# Instructions for the task
Find the line below with "Detailed view of" and the line with "Jude Bellingham celebrates". Output them and the lines between, exactly, but not the pictures.

# Record excerpts
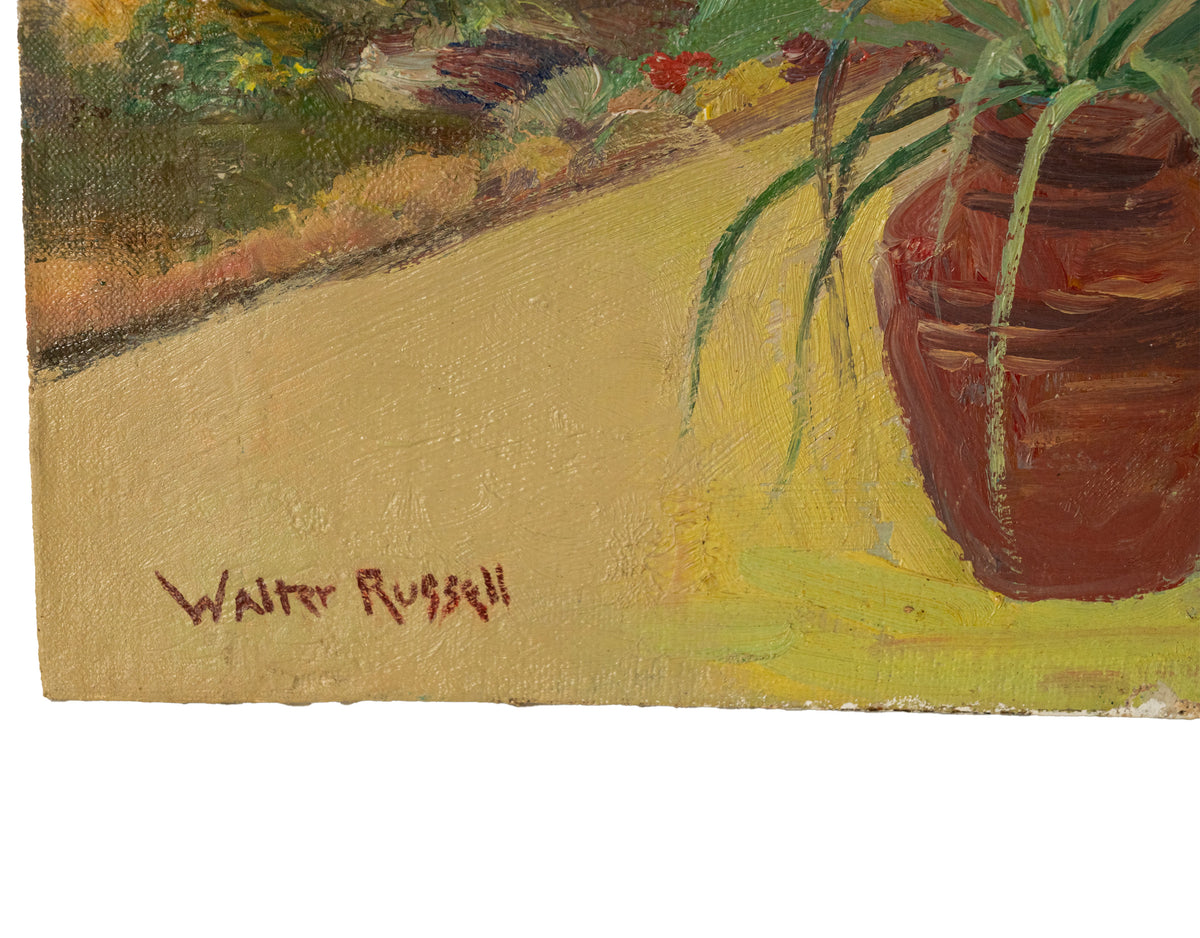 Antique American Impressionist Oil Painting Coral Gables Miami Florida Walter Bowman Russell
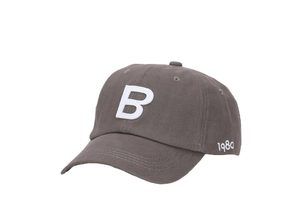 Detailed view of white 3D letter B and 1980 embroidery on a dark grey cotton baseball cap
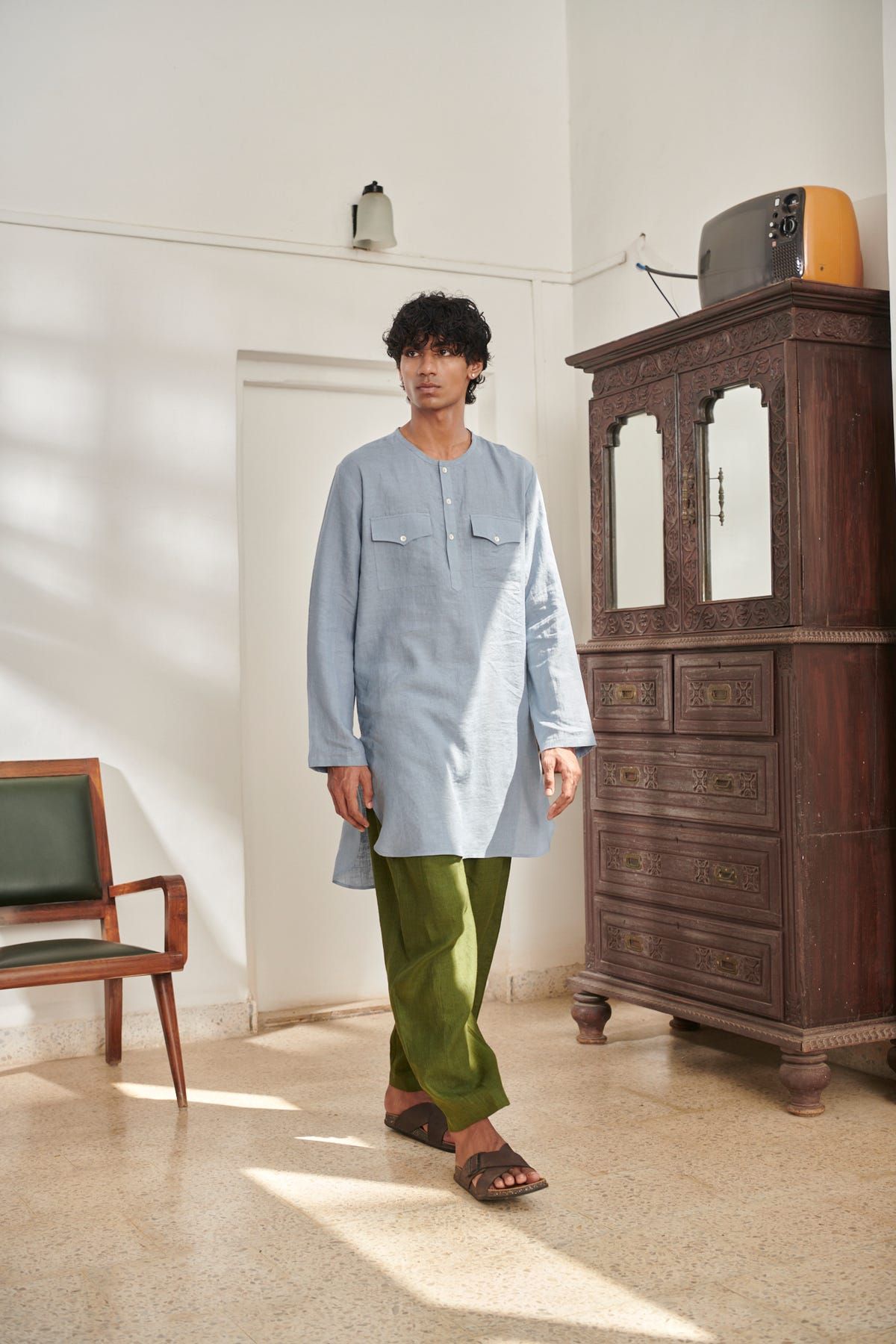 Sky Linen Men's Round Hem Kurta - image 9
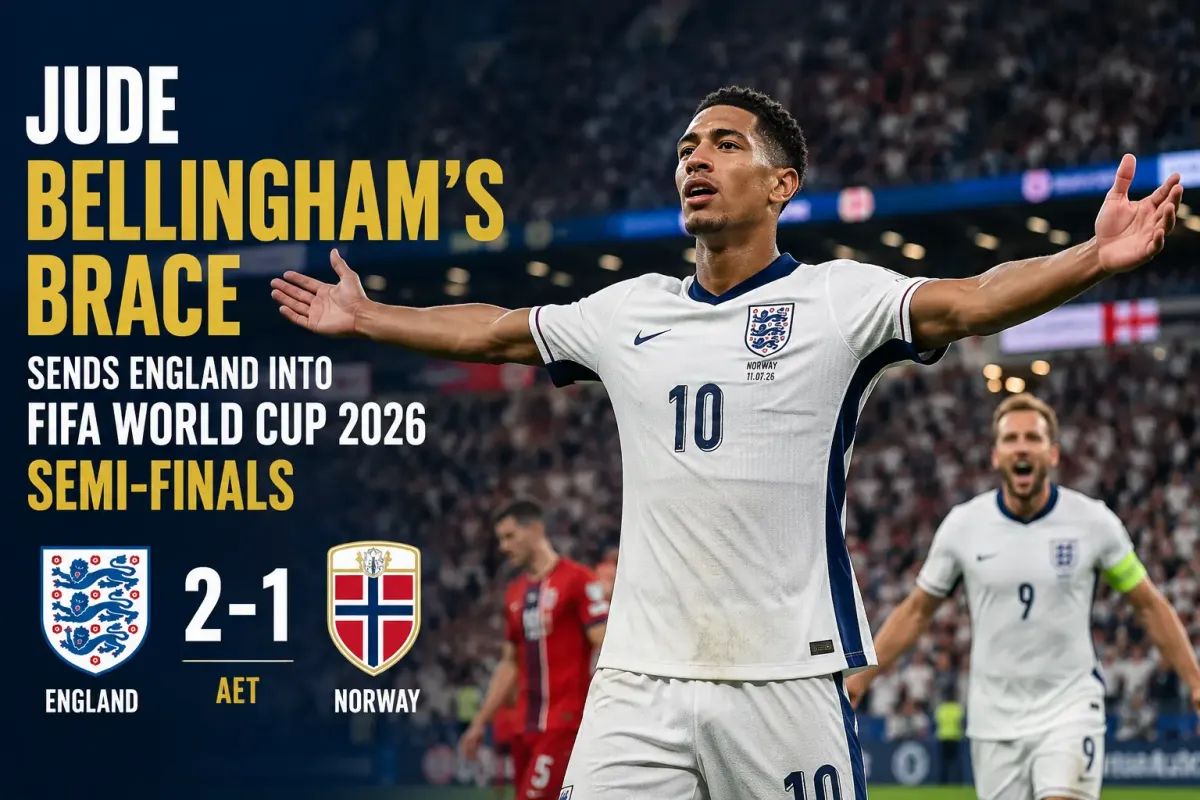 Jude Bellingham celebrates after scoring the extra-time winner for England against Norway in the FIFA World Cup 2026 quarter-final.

==

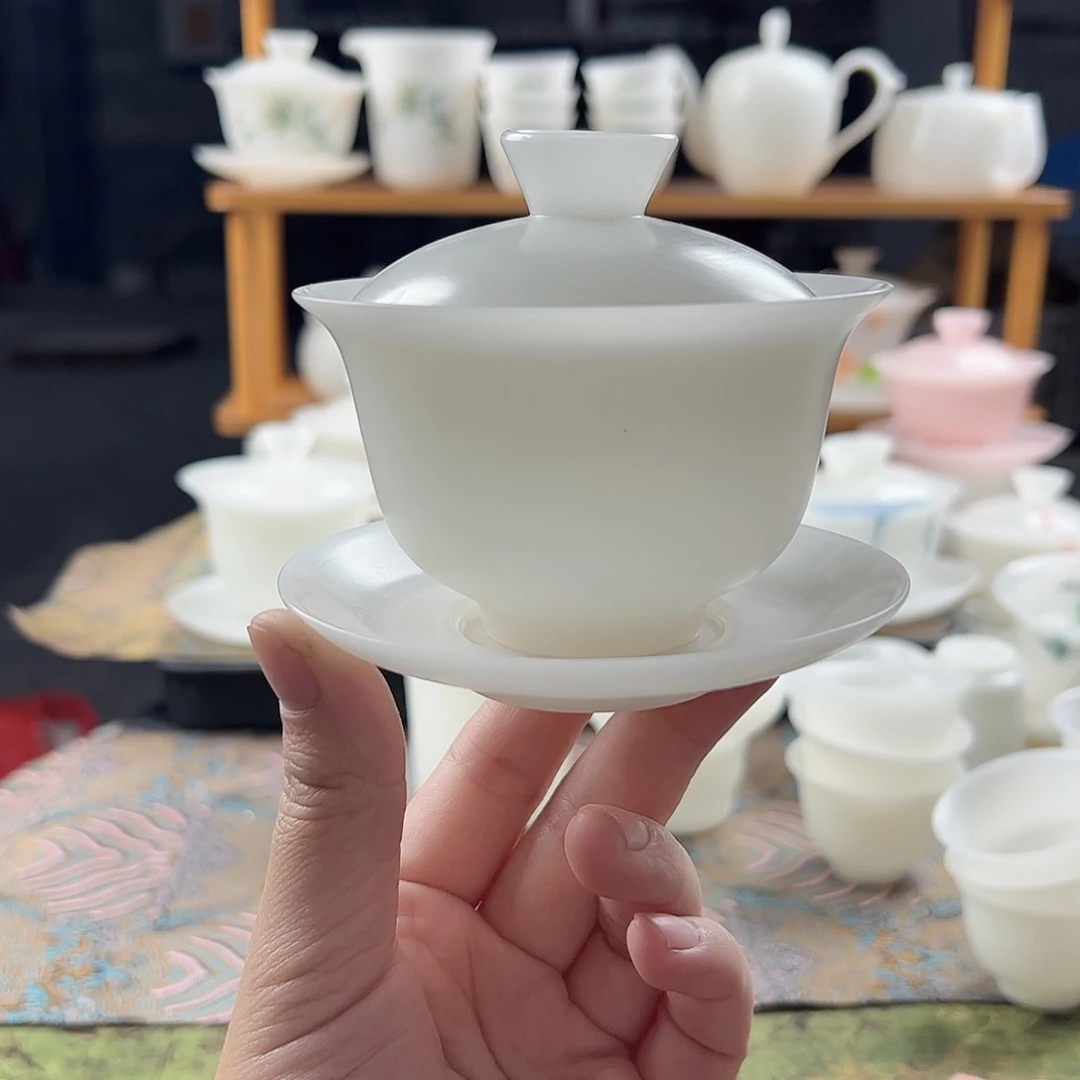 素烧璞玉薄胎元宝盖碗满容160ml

==

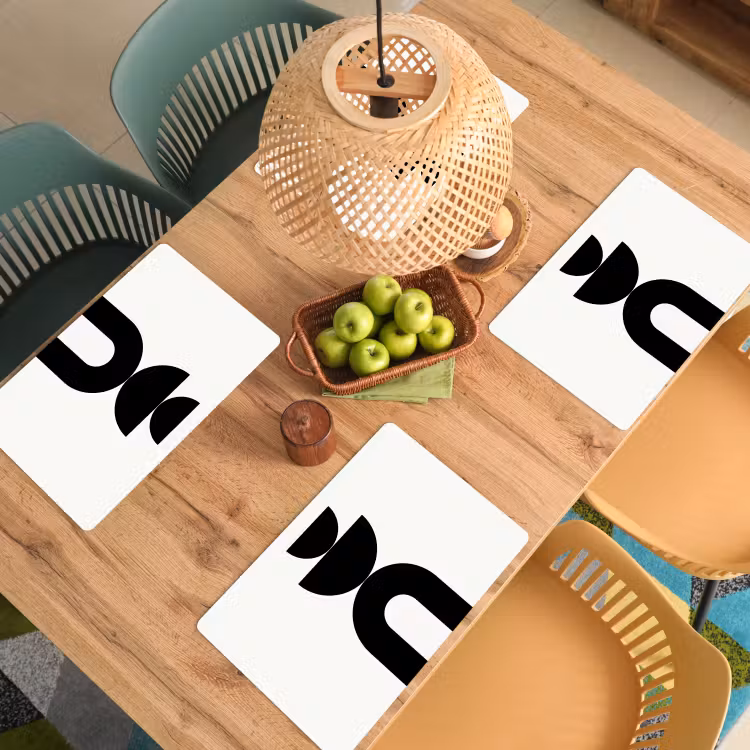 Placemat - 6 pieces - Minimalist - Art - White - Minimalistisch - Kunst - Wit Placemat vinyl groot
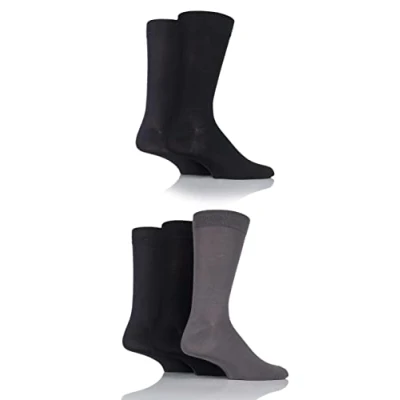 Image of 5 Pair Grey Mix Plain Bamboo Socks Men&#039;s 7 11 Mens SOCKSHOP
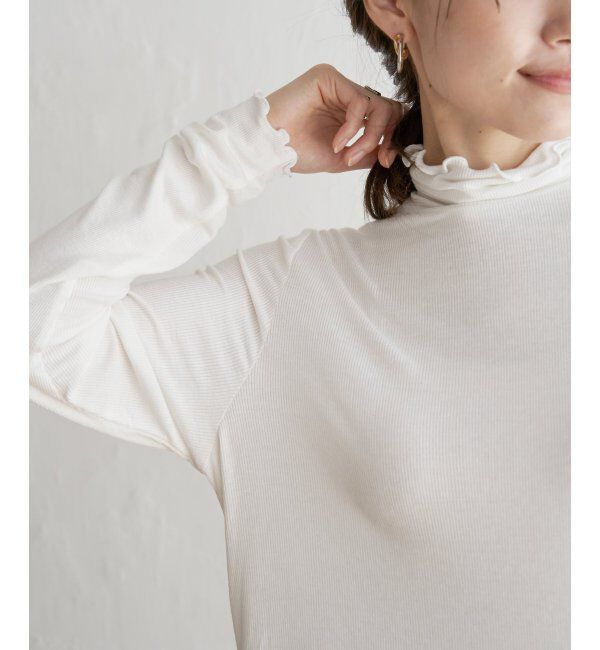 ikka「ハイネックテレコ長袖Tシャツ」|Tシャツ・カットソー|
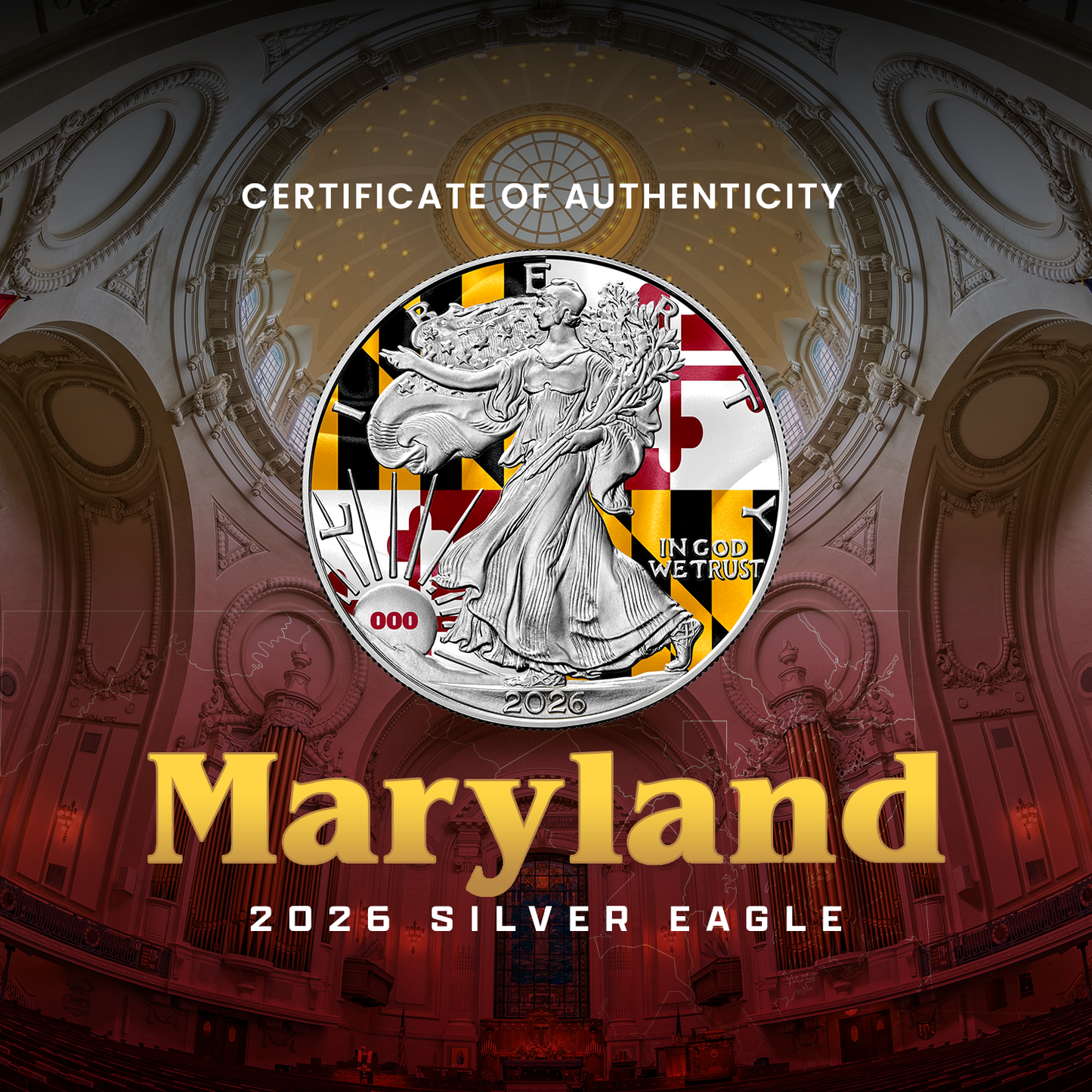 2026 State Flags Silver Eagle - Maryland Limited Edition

# Answer space
 Detailed view of white 3D letter B and 1980 embroidery on a dark grey cotton baseball cap
 Sky Linen Men's Round Hem Kurta - image 9
 Jude Bellingham celebrates after scoring the extra-time winner for England against Norway in the FIFA World Cup 2026 quarter-final.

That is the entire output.